Fans immediately began seeking resources and support for archiving the soon-to-be-deleted content, with posts on Dreamwidth encouraging group moderators to contact Open Doors and providing pointers toward software utilities designed to preserve a list's email archive.

So OF COURSE Yahoo! is going to stop allowing use of Yahoo! Groups in exactly one week, and OF COURSE Yahoo! is going to delete/wipe ALL content in ALL Yahoo! Groups in 3 months. And OF COURSE the front page says NOTHING about it.[1]
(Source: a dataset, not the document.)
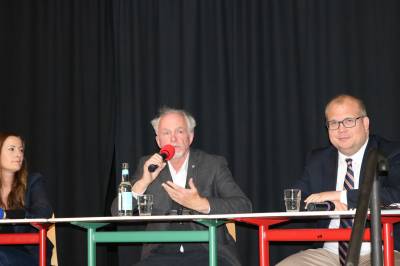 Mit zahlreichen Fragen zum Thema Europa förderte Moderator Burkhard Bräuning viele Inhalte zu Tage.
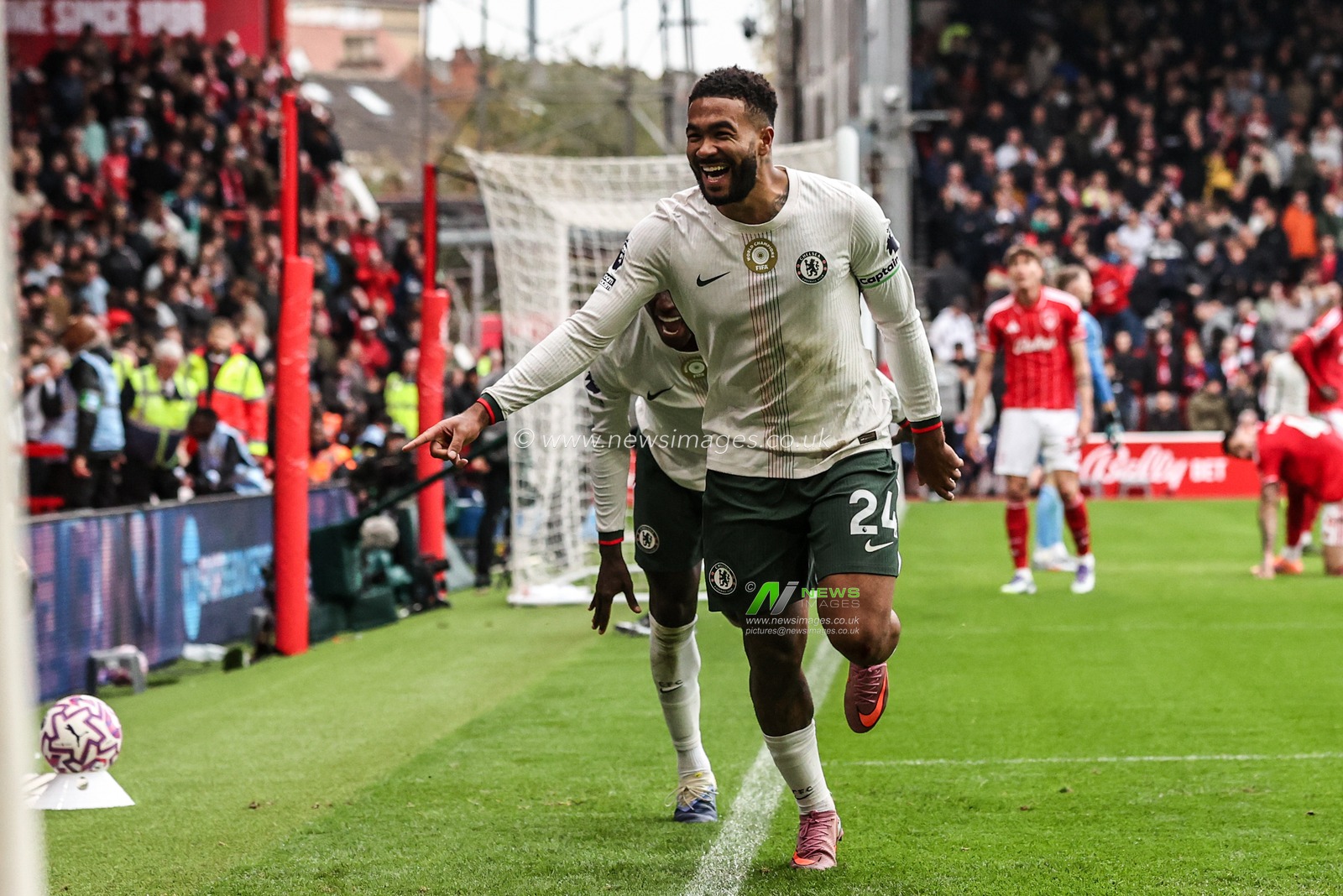 Reece James of Chelsea celebrates his goal to make it 0-3 during the Premier League match Nottingham Forest vs Chelsea at City Ground, Nottingham, United Kingdom, 18th October 2025

(Photo by Alfie Cosgrove/News Images)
For more information, see Yahoo! Groups Content Purge.

Notes

  1. ^ a b Tweet by Jason Scott, published October 16, 2019 (Accessed October 17, 2019).
  2. ^ Understand what's changing in Yahoo Groups, Yahoo! Help, accessed October 17, 2019.
  3. ^ Snapshot of clubs.yahoo.com, saved January 25, 1999 (Accessed October 17, 2019).
  4. ^ ONELIST AND EGROUPS ANNOUNCE MERGER at onelist.com, 09 November 1999. (Archived 28 November 1999 by the Wayback Machine.)
  5. ^ Yahoo! Groups FAQ, archived 24 January 2001 by the Wayback Machine.
  6. ^ See also Special Announcement for Yahoo! Clubs Members, archived 28 November 2001 by the Wayback Machine.
  7. ^ From wikipedia:Yahoo! Groups, accessed on 5/20/2009
  8. ^ An archived snapshot of the October 16 announcement shows the October 21 date, while a snapshot from the following day shows the new date.